- [Extracted data]
==============================

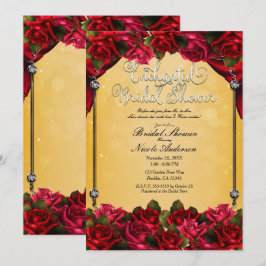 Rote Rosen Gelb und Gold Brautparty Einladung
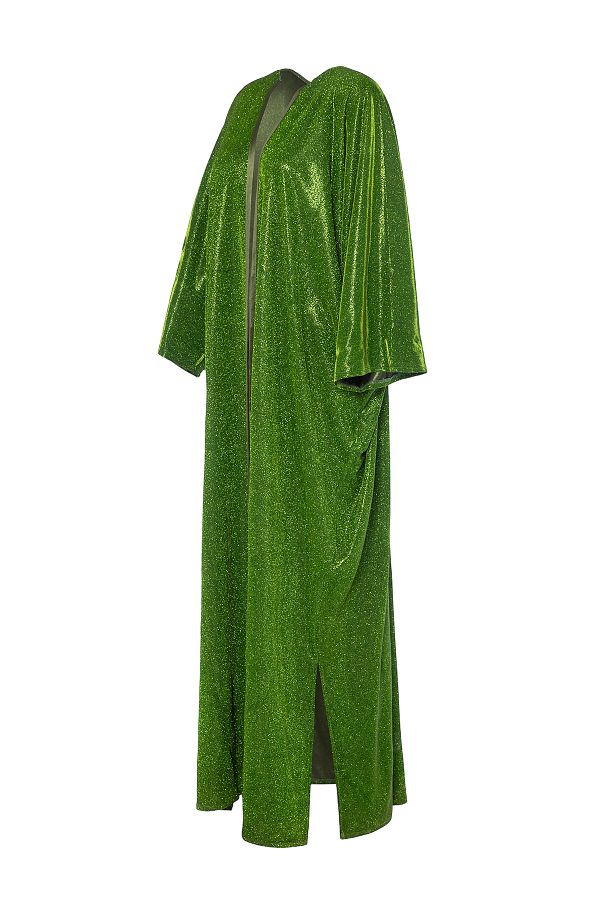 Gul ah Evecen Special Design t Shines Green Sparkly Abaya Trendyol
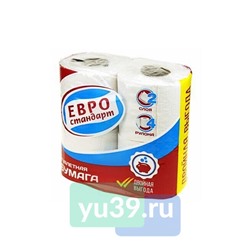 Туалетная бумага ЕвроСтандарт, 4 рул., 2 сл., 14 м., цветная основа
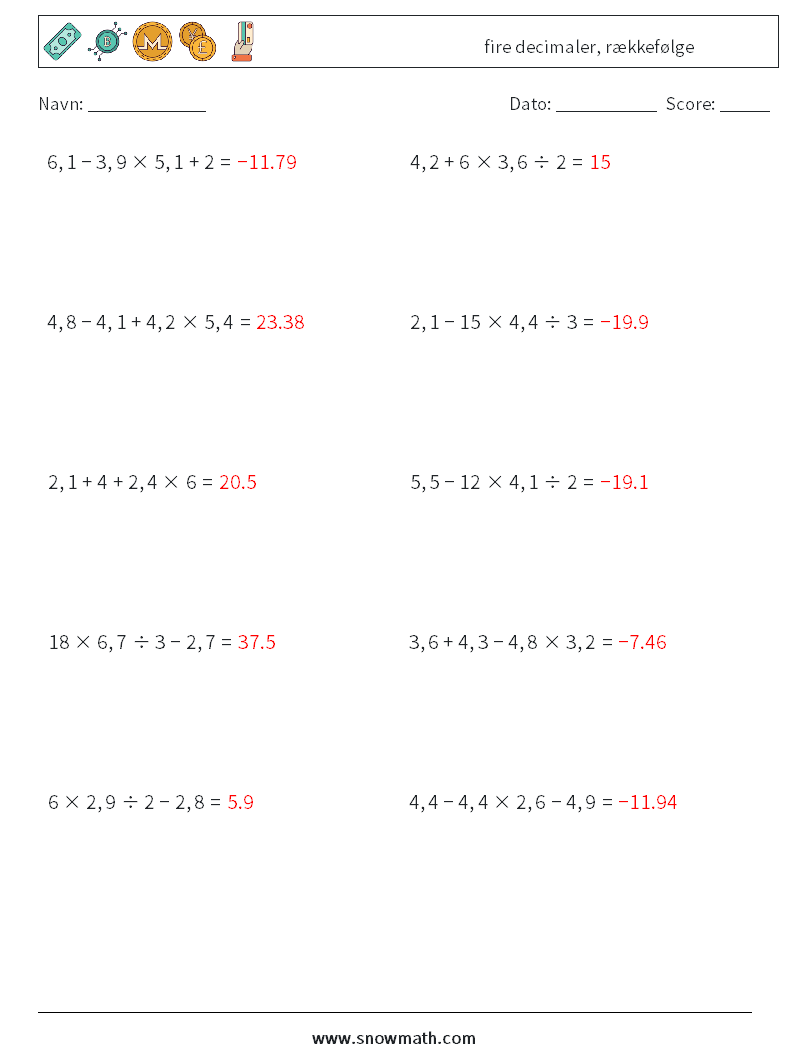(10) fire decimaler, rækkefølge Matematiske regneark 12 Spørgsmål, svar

==============================

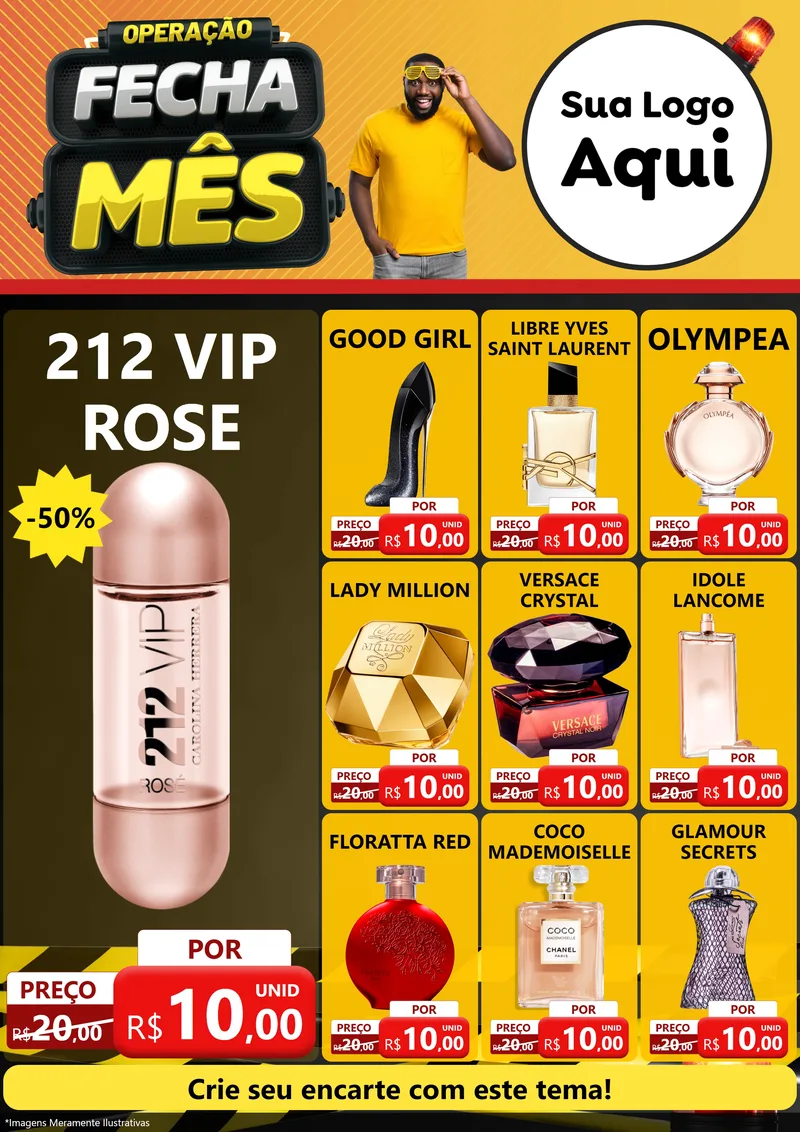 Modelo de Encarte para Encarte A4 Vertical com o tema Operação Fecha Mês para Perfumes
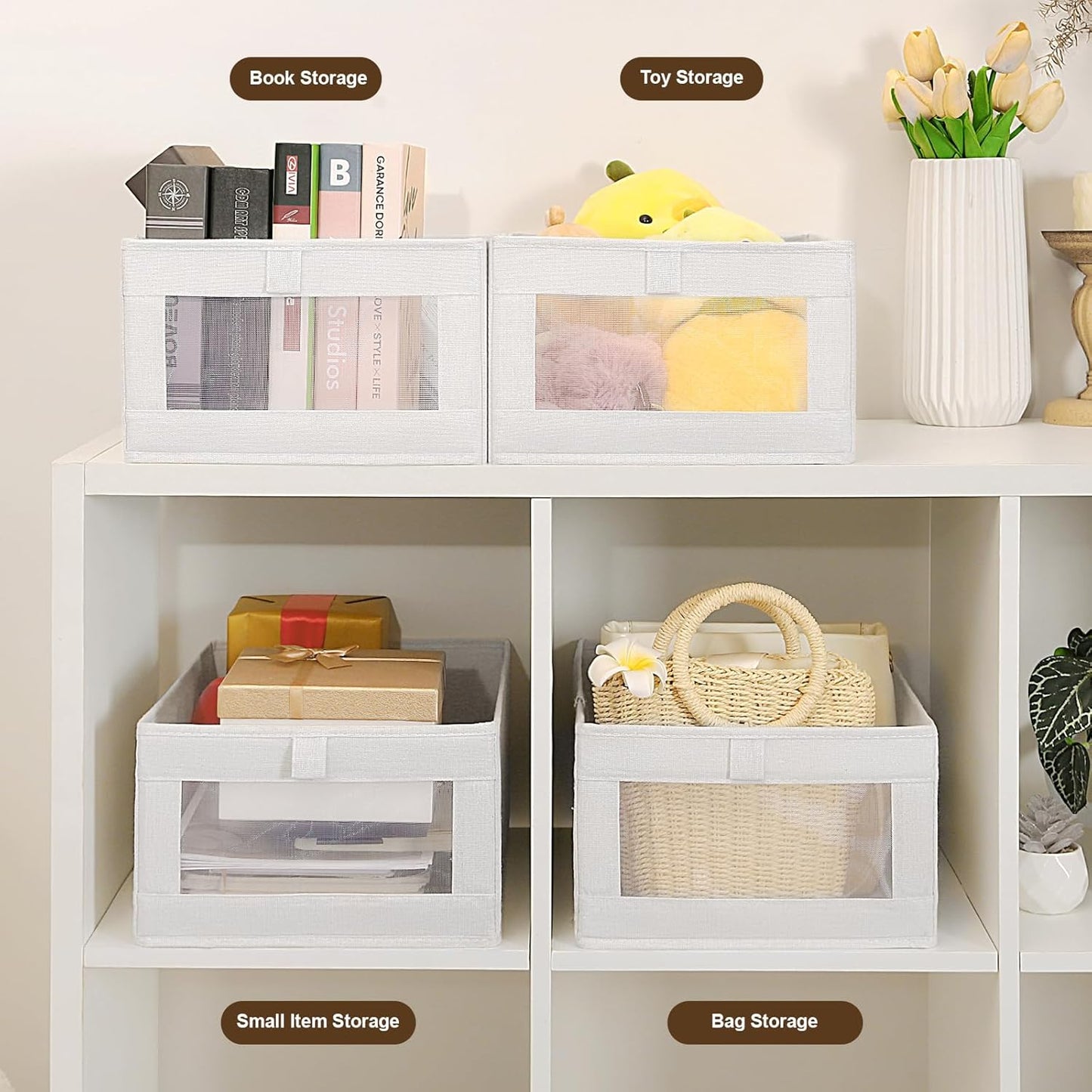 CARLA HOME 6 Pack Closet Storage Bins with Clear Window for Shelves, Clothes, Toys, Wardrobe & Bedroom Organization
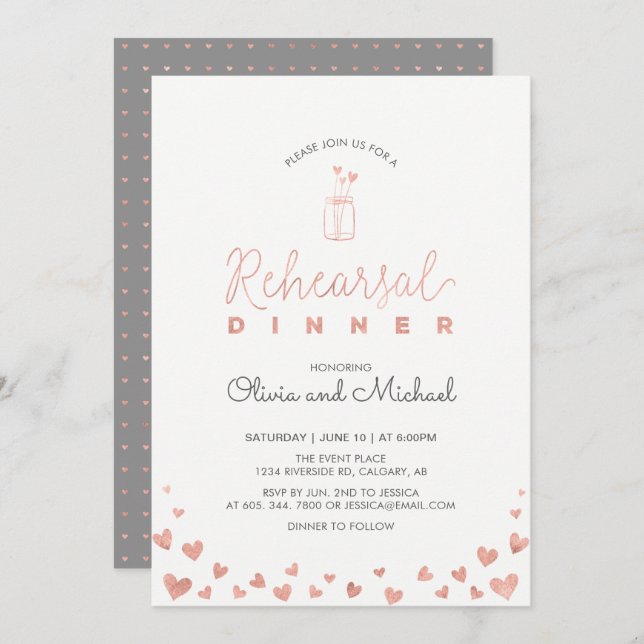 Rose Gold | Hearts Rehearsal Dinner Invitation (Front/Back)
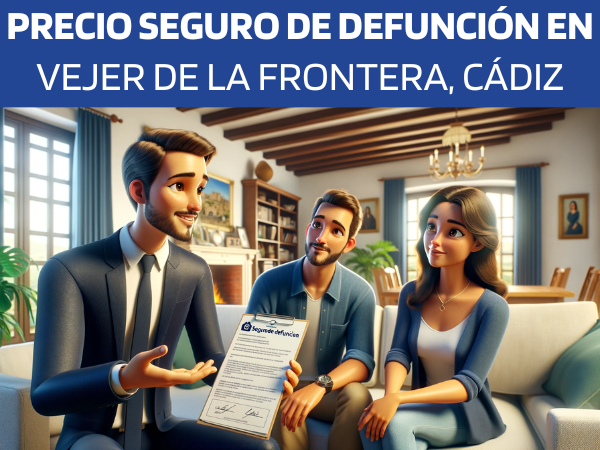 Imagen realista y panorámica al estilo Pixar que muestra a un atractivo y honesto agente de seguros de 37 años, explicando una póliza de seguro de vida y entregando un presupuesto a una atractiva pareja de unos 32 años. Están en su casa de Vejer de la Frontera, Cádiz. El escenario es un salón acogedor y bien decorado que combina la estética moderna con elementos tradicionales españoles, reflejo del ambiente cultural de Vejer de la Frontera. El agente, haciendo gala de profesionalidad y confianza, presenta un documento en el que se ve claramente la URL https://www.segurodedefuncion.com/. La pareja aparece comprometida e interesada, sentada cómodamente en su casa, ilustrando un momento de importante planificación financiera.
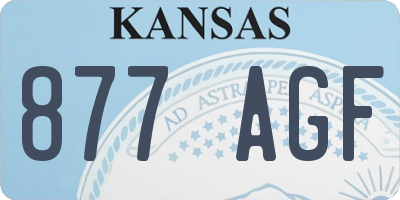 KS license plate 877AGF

==============================

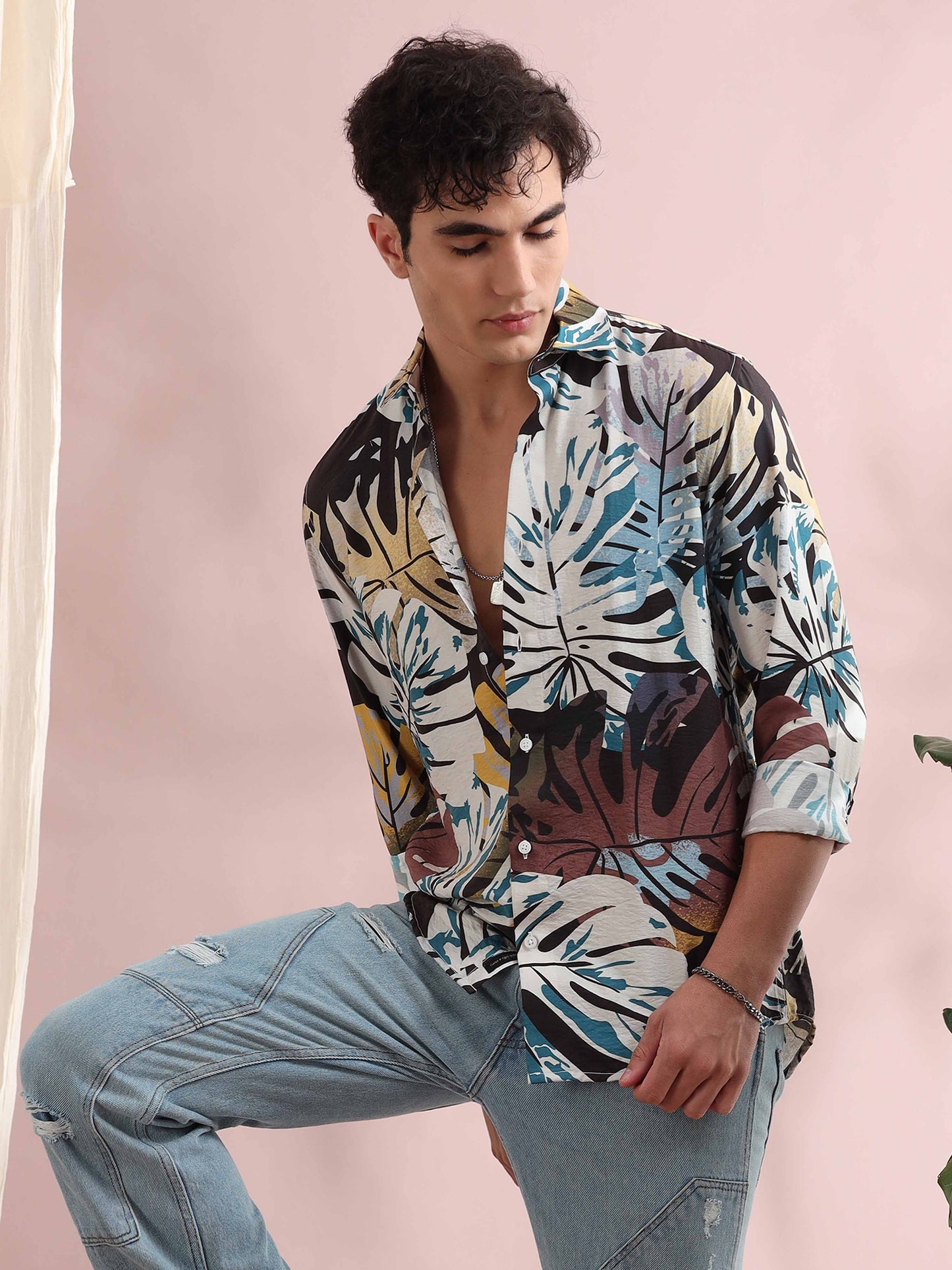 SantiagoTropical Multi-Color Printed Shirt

==============================

- [Exercise prompt] Reproduce the listing above exactly from the line containing "Rote Rosen Gelb" up to and including the line containing "Туалетная бумага ЕвроСтандарт, 4", omitting any images and everything outside those lines.

- [Exercise result]
 Rote Rosen Gelb und Gold Brautparty Einladung
 Gul ah Evecen Special Design t Shines Green Sparkly Abaya Trendyol
 Туалетная бумага ЕвроСтандарт, 4 рул., 2 сл., 14 м., цветная основа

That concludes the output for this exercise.